The sky above the port was the color of television, tuned to a dead channel.

It is the opening line of William Gibson’s Neuromancer. There are few lines that have set the ambience of a scene so efficiently, and in so few words. I really can’t put my finger on why, maybe it is because days with skies befitting that description often come with a certain mood.

From William Gibson’s blog

I havn’t kept up with William Gibson’s blog for a while, but today a Boing Boing post by Cory Doctorow let me know that Gibson has posted a few snippets of fiction to his blog the last couple of weeks. Vague – but very enticing – glimpses into something that hints to a very intriguing bigger picture.

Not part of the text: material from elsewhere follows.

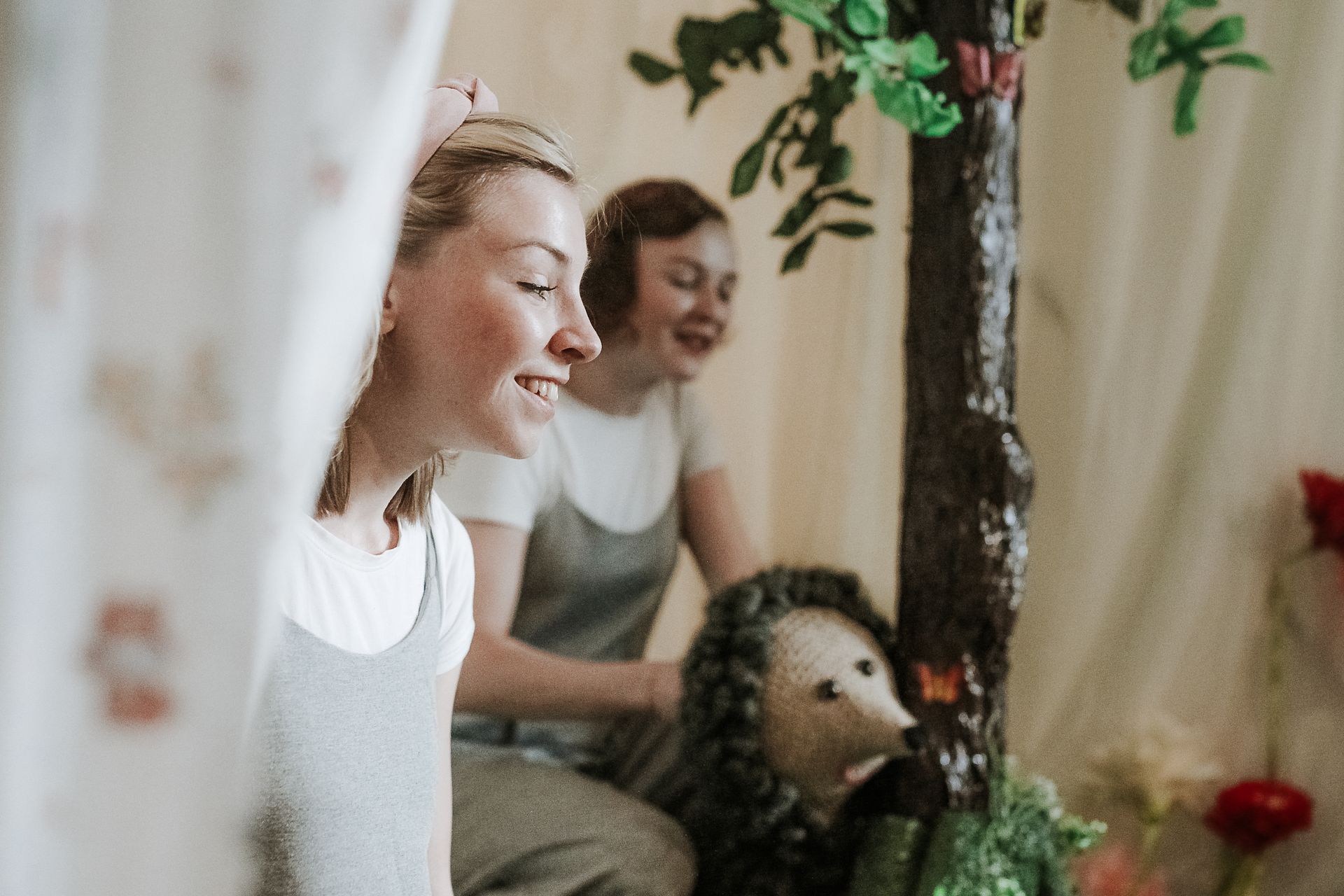 Smiling women enjoying a playful performance with handmade props indoors, featuring a hedgehog and tree.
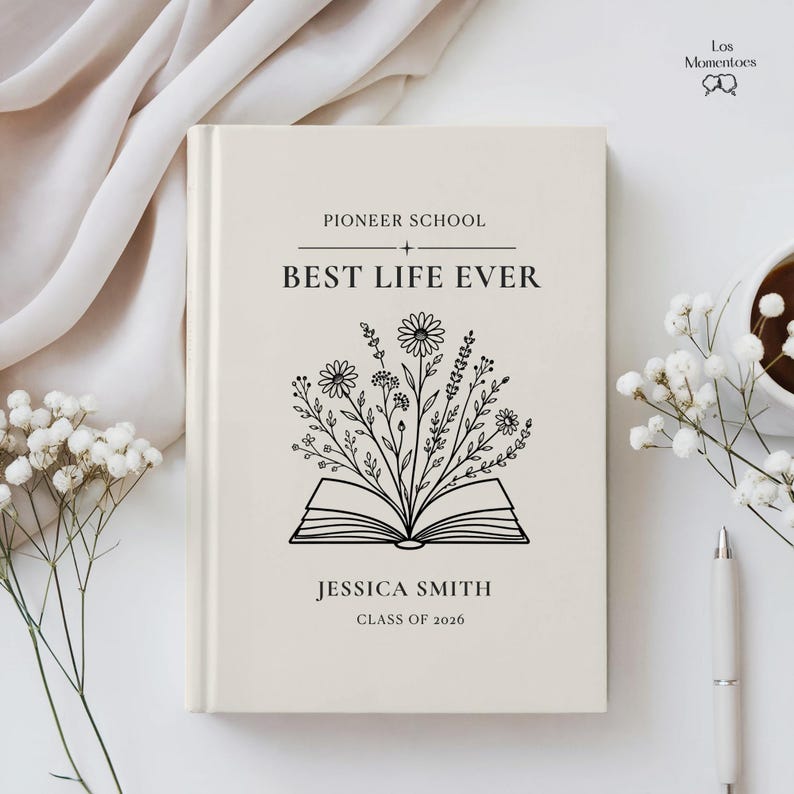 May include: A cream-colored book with the text "Pioneer School + Best Life Ever" and the name "Jessica Smith, Class of 2026." The cover features an open book with floral illustrations. A pen and a cup of coffee are on the right.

Milgrim doubted that Brown was comforted by Gray’s Papaya, but he could become relatively talkative there. He’d have the non-alcoholic piña colada with his franks and lay out the origins of cultural Marxism in America. Cultural Marxism was what other people called political correctness, according to Brown, but it was really cultural Marxism, and had come to the United States from Germany, after World War II, in the cunning skulls of a clutch of youngish professors from Frankfurt. The Frankfurt School, as they’d called themselves, had wasted no time in plunging their intellectual ovipositors repeatedly into the unsuspecting body of old school American academia. Brown always enjoyed this part; it had an appealing vintage sci-fi creepiness to it, staccato and exciting, with grainy monochrome Euro-commie star-spawn in tweed jackets and knit ties, breeding like Starbucks.

When I browsed through the archives I found a few more excerpts posted between January and March that seem to be related. Whatever it is about, Gibson’s next novel is at the top of my “anticipated literature” list.

Legends of Dune: The Butlerian Jihad

I thought I’d use some space in this blog to mention the books I read, new as well as old. I don’t have any real ambitions in literary criticism, but I still think it could be fun to share some thoughts, as well as keep a tally of what I’ve read and maybe enhance my reading experience by reflecting about the books.

Anyway, The Butlerian Jihad, by Brian Herbert and Kevin J. Anderson is set about ten thousand years before the events of Frank Herbert’s Dune, in a time when thinking machines are ruling over the Old Empire, including Earth. This period is the source of the technophobic aspects of the society in the original Dune novels. But humanity still clings to life, many as slaves under the machines, but some on free worlds such as Salusa Secundus. Here we find Serena Butler, the idealistic daughter of the planet’s viceroy, and Xavier Harkonnen, officer in the Salusan Armada – two people dedicated to standing up against the machines.